Studies of related Internet services, especially of the World Wide Web, are more prevalent. Our 1996 study of traffic on a Bitnet Listserv designed to provide peer support for users of Unesco's Micro CDS/ISIS library automation software (Brown-Syed & Witzke, 1996), sought to determine the usefulness of the information contained on the list, and the reasons for its use. This study included a user survey and analysis of the content of postings. It concluded that, while the list was indeed fulfilling its function of user support, a striking number of postings were of limited use, or offered seemingly conflicting advice. If this was the case in a moderated mailing list, how would posting patterns in unmoderated Usenet Newsgroups compare?

Like Bitnet lists, (Listservs), Usenet News predates the global Internet. In the 1980s, it was employed heavily by commercial, educational, and military users, and offered non-profit organizations an inexpensive vehicle for the exchange of ideas and information. Like Listservs, Usenet Newsgroups can be moderated by human or mechanical editors, but by far the majority of them are unmoderated. Because of the ease with which users can subscribe and unsubscribe to Newsgroups, they are perhaps more vulnerable to spurious or misdirected messages.

In the 1980s, Newsgroups were used for scholarly and technical communication, as well as for recreation. Netiquette guides like Brad Templeton's "Emily Postnews" documents (which appears from time to time in news.announce.newusers), informed users that there was a place on the Net for any sort of conversation, but that it was up to users to ensure that they discussed designated topics in appropriate groups. Ed Krol's classic Whole Internet Catalog explains the hierarchy of Newsgroups, and the complicated voting procedure used to create new ones (Krol, 1995).

In 1998, T. Matthew Ciolek, of the Research School of Pacific and Asian Studies, Australian National University, conducted an "impromptu" survey of some 1700 academics on the Net. This survey was aimed at ascertaining the time spent in various online activities. Ciolek observed: "Activities on the Net are twofold: (1) traversing the system and making use of its various information resources; (2) active research and construction work aimed at provision of networked information resources. Not surprisingly, construction work was less common (and less time-intensive) of the two." (Ciolek,1998). The results of this survey, while interesting, do not assist us greatly in determining just who is constructing which resources, and how useful, reliable, or effective those resources might be. However, they do suggest that network creation activities increase with user experience: Ciolek's observations on construction of personal pages are congruent with the results of the Oct-Nov 1997 Survey (GVU 1997) where 10,108 participants reported that 46% of them have created a web page and where was found that "the percentage of respondents creating web pages increases with the length of their online experience." (Ciolek, 1988). If one wished to apply this logic to Usenet News postings, an author's frequency of posting and cumulative number of posts might be considered  analogous. Tools like DejaNews have allowed reaearchers to perform citation searches or topical searches, but because of the volume of traffic, most sites do not keep copies of the News for lenghty periods.

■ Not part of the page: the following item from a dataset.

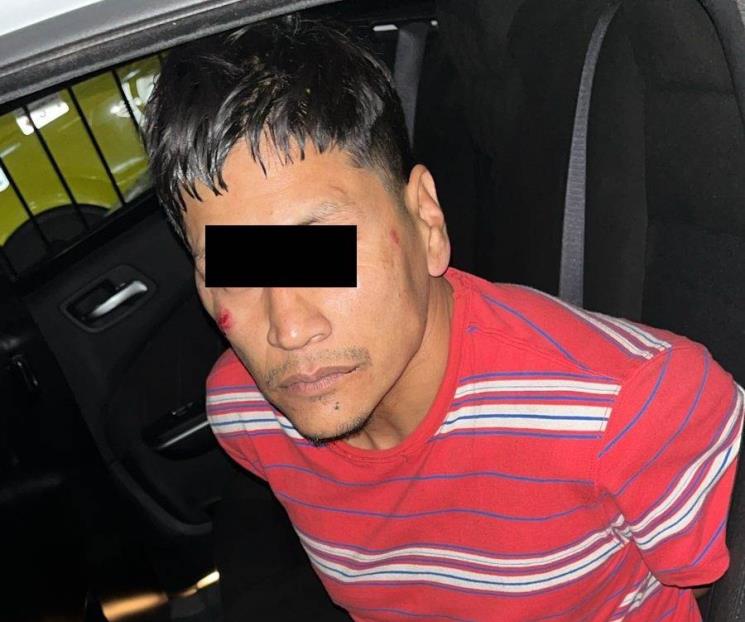 Detienen a sujeto por agredir a su pareja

When we began our investigations, personal Web pages on the Net had been the subject of only one study of which we were aware. Bates and Lu (1997), who reported no similar studies, performed a content analysis of 114 personal Web pages derived from an online directory available through Netscape's menus. The purpose of their study was not to determine grounds for accepting or rejecting information, but rather, to categorize the types of pages found with respect to metaphors from other media. Its goal was to determine whether certain types of information were more apt to be present consistently, and to see whether any conclusions about stylistic elements and the cultural function of personal Web pages emerged. Quoting December & Randall (1994), they defined "home" pages as designated entry points to local Web sites. Operationally, in this study, a home page was defined as the first screen of information that appears upon entering the URL address (drawn from the People Page directory) of a Web site.... (Bates & Lu, 1997). However, as analysis of the authors' own web site access logs demonstrate, the nominal "front" or "home" pages are quite apt to be bypassed by users who use search engines or direct links to locate specific documents on the target sites (Brown-Syed, 1999a).

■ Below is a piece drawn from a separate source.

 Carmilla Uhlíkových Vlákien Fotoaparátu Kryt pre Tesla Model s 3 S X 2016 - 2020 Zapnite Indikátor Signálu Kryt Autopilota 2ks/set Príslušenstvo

Table 1. demonstrates how access to pages not linked from an academic site's home page can constitute the majority of traffic from bona fide off-campus visitors during a two fairly typical periods toward the middle of an academic term. The high number of hits on the "King Arthur" material can perhaps be accounted for simply. Of several thousand pages devoted to this supposed monarch, the page ranks highly on search sets retrieved from AltaVista, and other engines. As well, other Arthurian sites link to this short bibliography cum Weblog. Even during an exceptionally busy time for students, hits to the home page constitute only about a tenth of all visits to the site.

Table 1. External visits to valinor.purdy.wayne.edu
29 Sept - 05 Oct 1999.  (N = 1539).
  
King Arthur 117 11.5%
Home Page 98 6.4%
 
21-27 Sept 1999.  (N = 2716). 
  
King Arthur 268 9.9%
Home Page 260 9.6%
  

The assumption that a site's popularity is an indicator of its quality or relevance is problematic. Moreover, results can be easily skewed. The publication of the current article may in itself skew future results, as other researchers follow the links it contains.

Since 1994, the Graphic, Visualization, & Usability Center (GVU) located at Georgia Tech, has conducted surveys of the Net aimed at collecting demographic data. (GVU, 1999). Descriptions of several papers derived from these surveys are available online, however, the documents are "preprints" and may not be cited nor quoted. The URL for the GVU study appears in the attached References. The GVU surveys do not focus upon the academic use of the Net. However, some of their findings are of interest, for instance, while the October 1997 GVU survey found a majority of Net users were over 50 years old, for the first time, among the cohort of newer users, there was a higher ratio of females to males.

A demographic study based upon responses of about 1800 network users, had been performed by the Canadian government in 1996. By comparison, it had determined: "[T]he majority of respondents (72.6%) were between the ages of 25 and 54 years of age.... The majority of all respondents were males (76.6%), 23.4% were females." (Canada, 1996, summarized in Canada, 1999b). This survey determined that most network users were highly educated, middle class, and living in heavily populated and economically prominent areas of the country. The survey was not limited to Web use. It contained questions about other services, such as telnet, ftp, and discussion groups. (Canada, 1999a). However, it did not concentrate upon the creation of networked documents, nor upon the scholarly use of the Net, but upon users of government Web sites. Moreover, it depended upon an admittedly skewed sample - only people who found the survey could respond to it. Surveys like these give us insight into the characteristics of Net users, and may provide benchmarks against which to compare the characteristics of the cyber-scholar population.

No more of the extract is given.